DATA
[Start of Attachment]

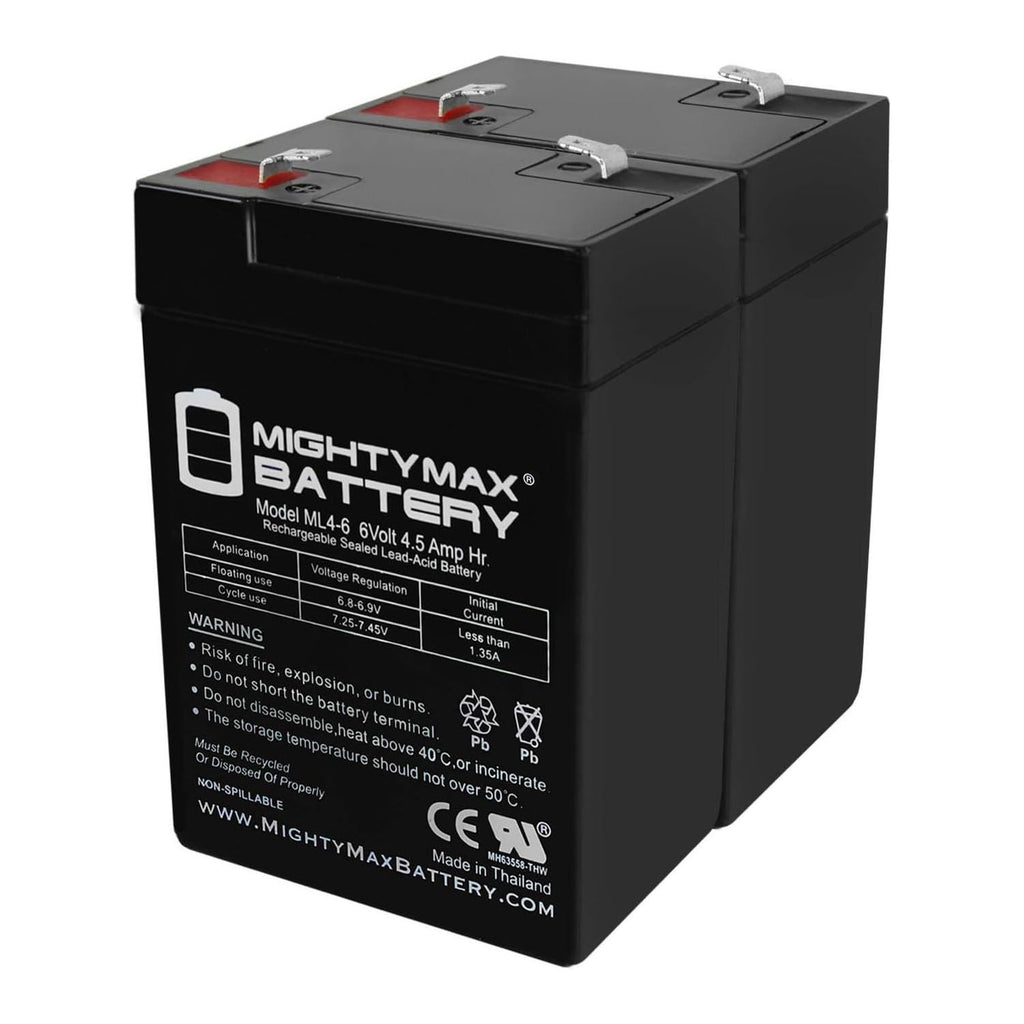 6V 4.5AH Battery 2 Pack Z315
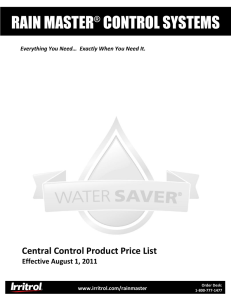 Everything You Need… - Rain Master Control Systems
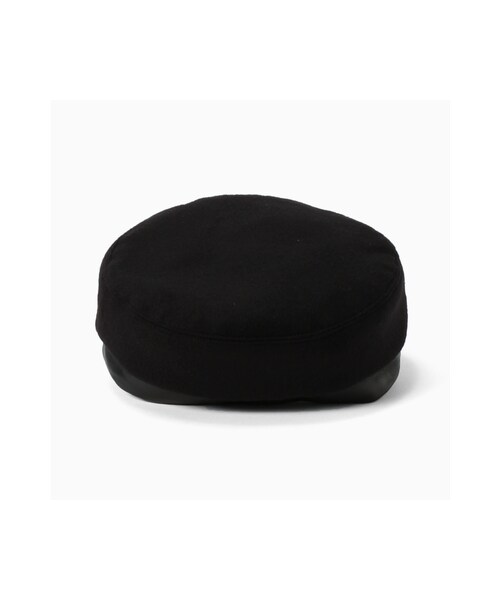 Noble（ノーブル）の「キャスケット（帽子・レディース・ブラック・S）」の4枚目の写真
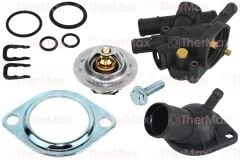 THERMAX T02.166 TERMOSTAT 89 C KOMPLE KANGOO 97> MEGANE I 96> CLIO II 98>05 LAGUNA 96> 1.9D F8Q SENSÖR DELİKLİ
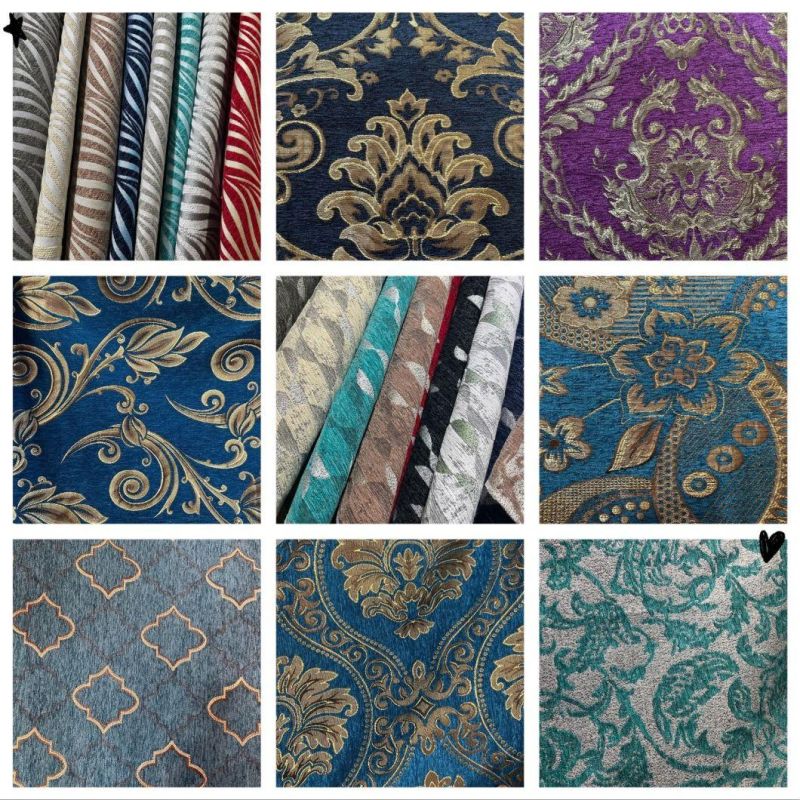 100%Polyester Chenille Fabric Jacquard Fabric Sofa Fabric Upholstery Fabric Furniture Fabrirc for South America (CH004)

[End of Attachment]

TRY IT
With the pictures omitted, print each line of the data above precisely as given.

RESPONSE
 6V 4.5AH Battery 2 Pack Z315
 Everything You Need… - Rain Master Control Systems
 Noble（ノーブル）の「キャスケット（帽子・レディース・ブラック・S）」の4枚目の写真
 THERMAX T02.166 TERMOSTAT 89 C KOMPLE KANGOO 97> MEGANE I 96> CLIO II 98>05 LAGUNA 96> 1.9D F8Q SENSÖR DELİKLİ
 100%Polyester Chenille Fabric Jacquard Fabric Sofa Fabric Upholstery Fabric Furniture Fabrirc for South America (CH004)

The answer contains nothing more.